Veteran journalists prepare you to survive hostile environments

National Security Reporter Lydia Randall engages in a first aid scenario. (Sara Shouhayib/Medill NSJI)

National Security Reporter Lydia Randall engages in a first aid scenario. (Sara Shouhayib/Medill NSJI)

ROCKVILLE, Md. — The danger for journalists covering conflict zones has grown more volatile, according to a number of veteran reporters. The beheadings of James Foley and Steve Sotloff by the Islamic State show that reporting in under-covered areas torn apart by war, terrorism and poverty can be deadly.

Updated safety and security measures are needed in order to better ensure the safety of journalists as they head out to cover chaotic regions like Africa and the Middle East where groups such as the Islamic State, Boko Haram, al-Qaida and the Taliban operate.

Frank Smyth, founder of Global Journalist Security, has spent several years advising journalists, human rights defenders and NGOs on how to better care for themselves in hostile environments. Smyth himself was held captive for 18 days while covering Iraq in 1991.

For years, in cases of terrorist abductions, Smyth advised against attempting an escape because terrorist organizations were “well-organized militias” and usually took hostages in order to get ransom money or information. But the extremism shown by today’s terrorist groups has caused Smyth to tell trainees to consider escape. But even then, “the chances are slim,” he said.

Smyth’s program has grown more relevant in the industry of journalism over the past several years. Representatives from TIME, NPR and VICE were attending a recent training. Smyth said that wire services and many major news organizations are requiring hostile environment training for their journalists before sending them to conflict areas.
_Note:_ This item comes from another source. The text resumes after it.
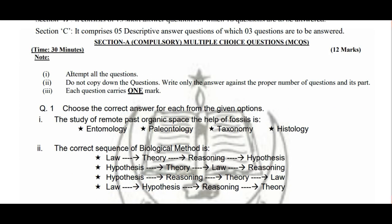MCQs ke tamam questions attempt karne honge. Question ko copy nahi karna, balki sirf aapka answer likhna hai, aur jo answer aap likh rahe hain uska number sahi mention karna hoga. Jo choices di gayi hain unme A, B, C nahi diya gaya balki stars banayi gayi hain, toh aapko jo bhi correct answer hai wo likhna hai. Question number one ke liye roman numeral 'I' likha jayega aur uska answer khud likhna hai.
The team at Global Journalist Security is diverse. Sara Salam is a self-care practitioner and a level 5 Krav Maga instructor. Salam guides trainees to develop risk-assessment skills when going into new and potentially dangerous settings. Salam also teaches procedures that can help reporters de-escalate or escape situations as large as a riot or as small as street harassment.

Most people have an intrinsic power of “gut instinct,” the Global Journalist Security instructors said, and they encourage the ability to listen to your gut, because it might be the difference between safety and harm.

Journalists in the course run through increasingly intensified scenarios such as being in terrorist captivity or needing to provide emergency first-aid.

The need for professional training to be better prepared for hostile environments like conflicts areas has become a bigger movement in the world of journalism as a whole.

David Rohde, an editor at Reuters and a Pulitzer Prize-winning journalist who was abducted, is among a group of international journalists who published a call to action for reporters and news organizations to better equip themselves for what he called “historic highs” for reporter abduction, imprisonment and killings.

“We call on governments, combatants and groups worldwide to respect the neutrality of journalists and immediately end the cycle of impunity surrounding attacks on journalists,” Rohde said.

Rohde also said that it important for news organizations executives who are not in the field with their reporters to hold themselves to a higher degree of accountability when overseeing the safety of their reporters.